■ SUPPLIED INFORMATION:

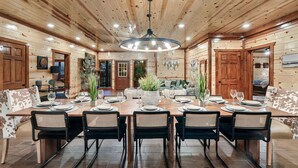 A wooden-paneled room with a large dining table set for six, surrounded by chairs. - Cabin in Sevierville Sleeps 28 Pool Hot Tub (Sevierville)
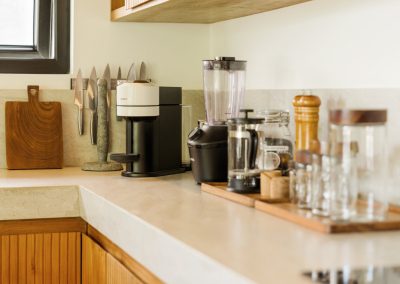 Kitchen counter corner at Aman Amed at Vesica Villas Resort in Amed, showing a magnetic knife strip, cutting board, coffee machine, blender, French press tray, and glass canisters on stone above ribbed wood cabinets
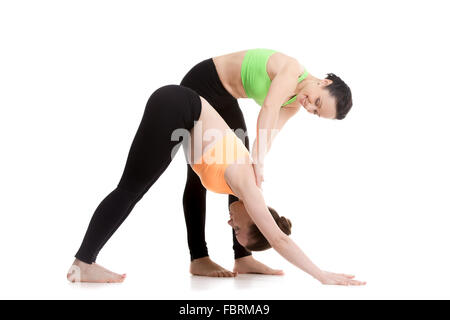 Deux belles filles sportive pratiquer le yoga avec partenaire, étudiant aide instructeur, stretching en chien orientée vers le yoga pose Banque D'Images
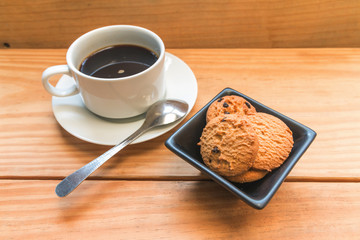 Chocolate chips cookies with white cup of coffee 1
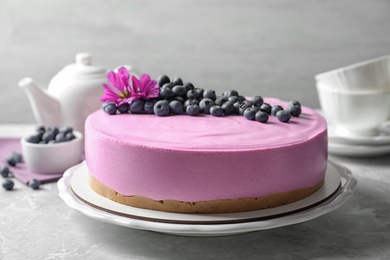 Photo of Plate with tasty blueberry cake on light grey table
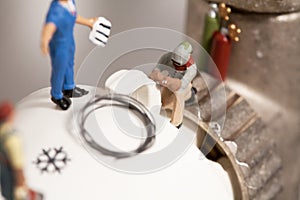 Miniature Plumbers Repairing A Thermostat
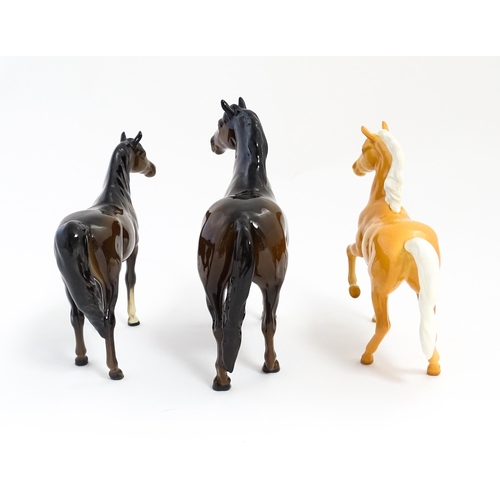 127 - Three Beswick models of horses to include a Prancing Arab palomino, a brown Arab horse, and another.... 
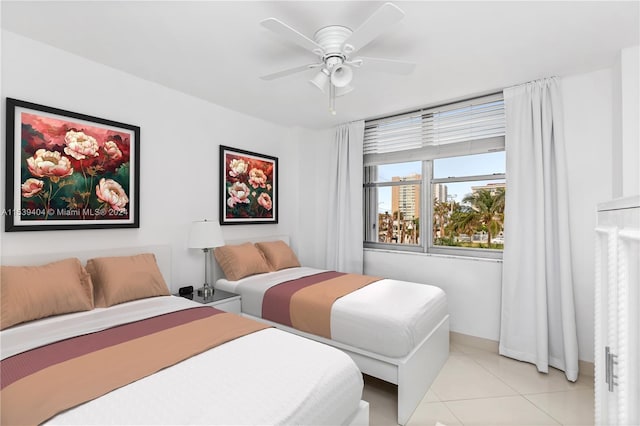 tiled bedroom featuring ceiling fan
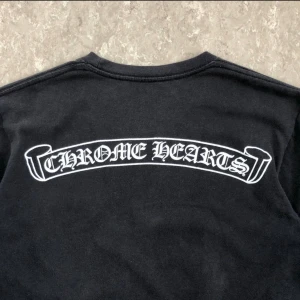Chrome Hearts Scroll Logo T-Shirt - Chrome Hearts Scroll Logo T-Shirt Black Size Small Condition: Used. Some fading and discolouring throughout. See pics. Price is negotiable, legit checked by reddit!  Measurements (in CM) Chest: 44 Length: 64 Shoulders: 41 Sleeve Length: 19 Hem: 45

■ ABOUT THIS EXERCISE: No pictures belong in the answer, only the lines from the top of the listing through the line containing "Kitchen counter corner", repeated word for word.

■ RESULT OF THE EXERCISE:
 A wooden-paneled room with a large dining table set for six, surrounded by chairs. - Cabin in Sevierville Sleeps 28 Pool Hot Tub (Sevierville)
 Kitchen counter corner at Aman Amed at Vesica Villas Resort in Amed, showing a magnetic knife strip, cutting board, coffee machine, blender, French press tray, and glass canisters on stone above ribbed wood cabinets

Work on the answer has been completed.